Entries taken from a collection:
╭──

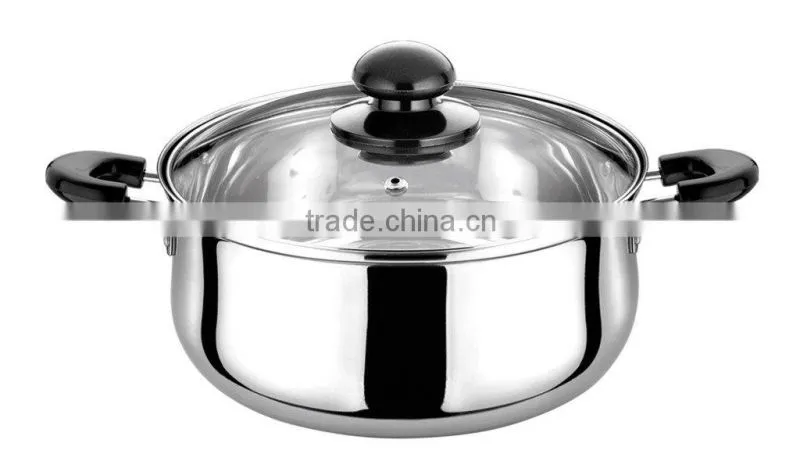 practical household stainless steel stockpot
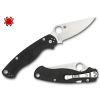 Ніж Spyderco Para Military 2 Left Handed, G10 (C81GPLE2) зображення 2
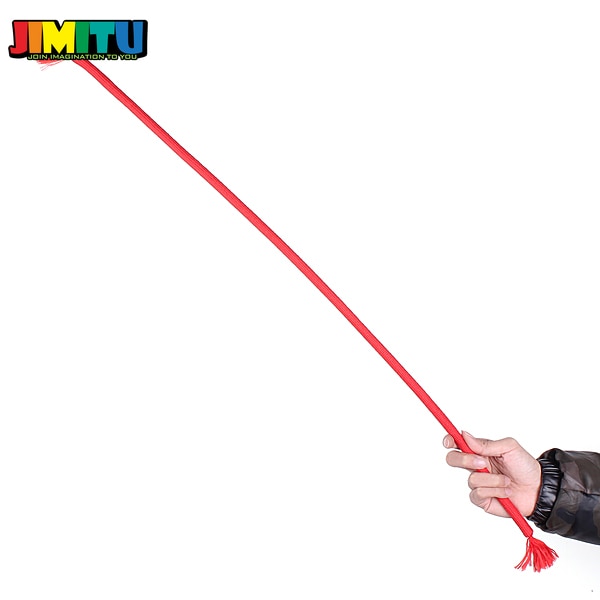 JIMITU Magic Stiff Rope Close Up Street Trick Kids Party Show Stage Bend Soft Tricky Magic Trick Comedy Funny Toy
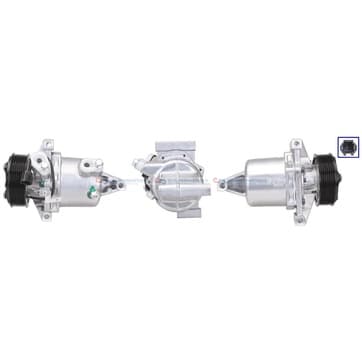 Kompressor, AC Ø-100mm från Autofrance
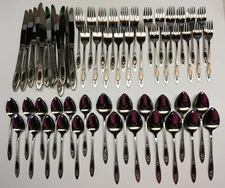 Oneida Community Vignette Stainless Flatware Forks Spoons or Knives - Choice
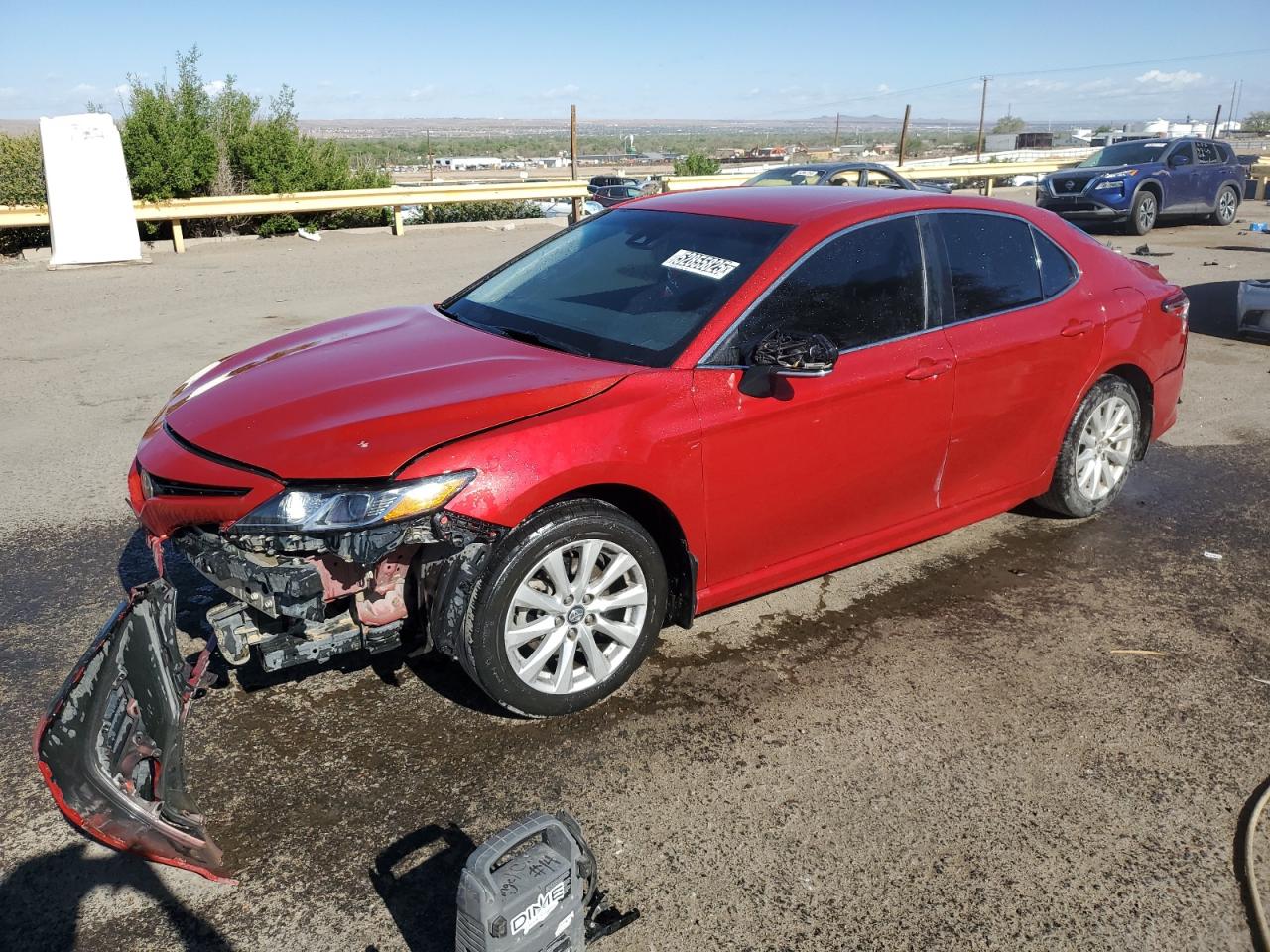 2020 Toyota Camry Se for Sale in Albuquerque, NM - Front End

╰──

◆ PROBLEM TO SOLVE:
Your task is to restate every record word for word. Omit all pictures.

◆ SOLUTION:
 practical household stainless steel stockpot
 Ніж Spyderco Para Military 2 Left Handed, G10 (C81GPLE2) зображення 2
 JIMITU Magic Stiff Rope Close Up Street Trick Kids Party Show Stage Bend Soft Tricky Magic Trick Comedy Funny Toy
 Kompressor, AC Ø-100mm från Autofrance
 Oneida Community Vignette Stainless Flatware Forks Spoons or Knives - Choice
 2020 Toyota Camry Se for Sale in Albuquerque, NM - Front End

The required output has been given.